Roy Francis, senior vice president of Louisiana-based Gulf Coast Fabricators, which built and installed steel foundations for the Block Island farm, says the firm is weighing a northeast fabrication yard to support U.S. offshore wind growth.

“Hopefully, the majority of steel fabrication will be done in the U.S.,” he says, but notes that steel parts can also be imported from China and Europe.

Vineyard also is investing about $2 million to build a skilled offshore wind workforce centered in southeast Massachusetts for an estimated 3,600 new jobs, including 1,500 in construction. Deepwater Wind’s project is expected to create more than 800 construction jobs. It plans to invest $250 million locally and says it has not received tax incentives or credits.

Massachusetts selected Vineyard’s estimated $2-billion proposal for power and associated undersea transmission lines that would have 400 MW on line in 2021 and 400 MW in 2022.  It is a joint venture of U.S.-based Avangrid Renewables, part of Spain’s Iberdrola Group, and Copenhagen Infrastructure Partners, a Danish investment fund.

Three major Massachusetts' utilities—National Grid, Eversource Energy and UNITIL—delayed the selection by a month, citing the unexpected complexity of the three bids submitted and other factors. The three bids, were actually 20 separate submissions—some with multiple pricing and other options that included several complex scenarios that required detailed and demanding analysis.

A contract with Vineyard must be negotiated by July 2 and submitted by July 31 to state regulators. Vineyard filed in December the required federal environmental and construction operations plans to begin work in 2019 and is negotiating to secure transmission services and power purchase agreements. 

In its proposal, Vineyard said the project would provide $3.72 billion of benefits to Massachusetts.

"While the federal administration sits out this race, Massachusetts has the chance to win it with historic offshore wind projects," said Meagan Greene, Senior Director of Policy and Operations at The Alliance for Business Leadership in Boston, in a June 6 opinion in The Lowell (Mass.) Sun. "In addition to the economic benefits, a project of this size will contribute to Massachusetts' emission reduction targets set in the Global Warming Solutions Act in 2008."

Pace Quickens

Rhode Island picked Deepwater Wind’s project through participation in Massachusetts’ clean energy procurement process.

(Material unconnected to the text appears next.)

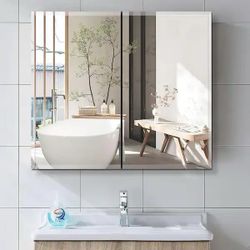 30 in. W x 26 in. H Rectangular Metal Medicine Cabinet with Mirror in Silver brand new in box $130 A100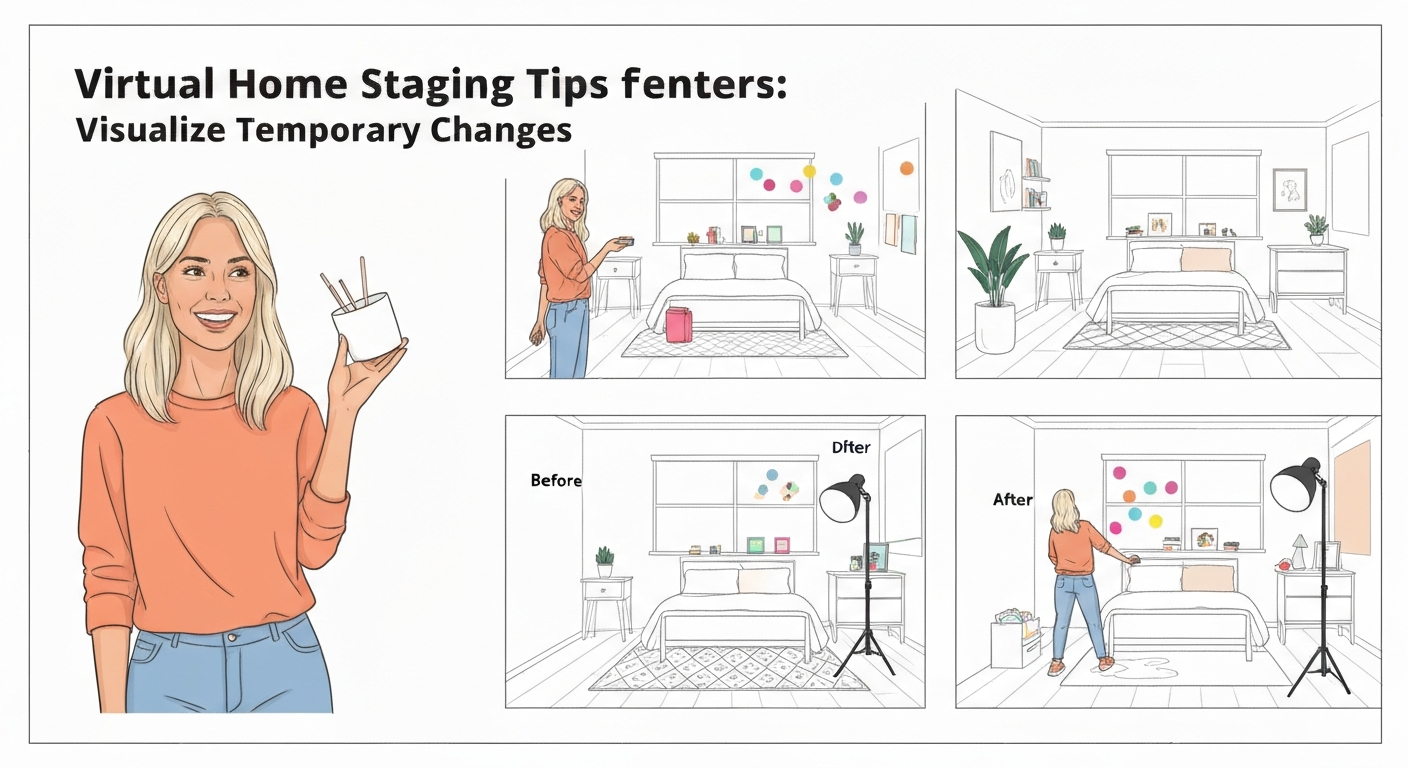 Illustration showing a renter visualizing DIY virtual room makeover tips on a budget.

State regulators independently evaluated proposals, said Gov. Gina Raimondo (D). Last year she set a goal to have 1,000 MW of clean energy by 2020.

Deepwater Wind is negotiating with utility National Grid. Survey work has begun, and construction could begin in 2020, with the project on line in 2023. The 50-turbine project will be in the same federal lease area as Deepwater’s 90-MW South Fork wind farm that was approved last year by New York’s Long Island Power Authority. 

The projects’ fast schedule is based on recently-built projects in Europe and will include the latest-generation turbine generators on a monopole foundation.

Cables from each turbine will connect to an electrical service platform where power is transformed from 66 kV to 220 kV. The cable to the transformer onshore will be buried six feet under the sea floor.

The two 400-MW projects will deliver power without needing to upgrade the existing transmission system, says Vineyard.

Deepwater Wind proposed adding offshore wind incrementally to take advantage of falling costs and coupling it with grid-scale pumped-storage and expandable transmission. The firm did not disclose the capacity amount it proposes to build initially. Adding wind incrementally could save ratepayers from $300 million to $600 million, the company said. The proposal for the Revolution Wind project is designed to serve as a regional energy center, according to Deepwater Wind.

Bay State Wind, a joint venture of developers Orsted and Eversource and the only bidder not selected, “remains fully committed” to the partnership, it says. The pair has since submitted a 200-MW offshore wind bid in Connecticut.

New Jersey aims to kickstart a goal to develop 3,500 MW by 2030 with a bill signed by Gov. Phil Murphy (D) on May 31 that requires regulators to review within 90 days the long-planned 24-MW Fishermen’s Energy project that predecessor Gov. Chris Christie (R) opposed.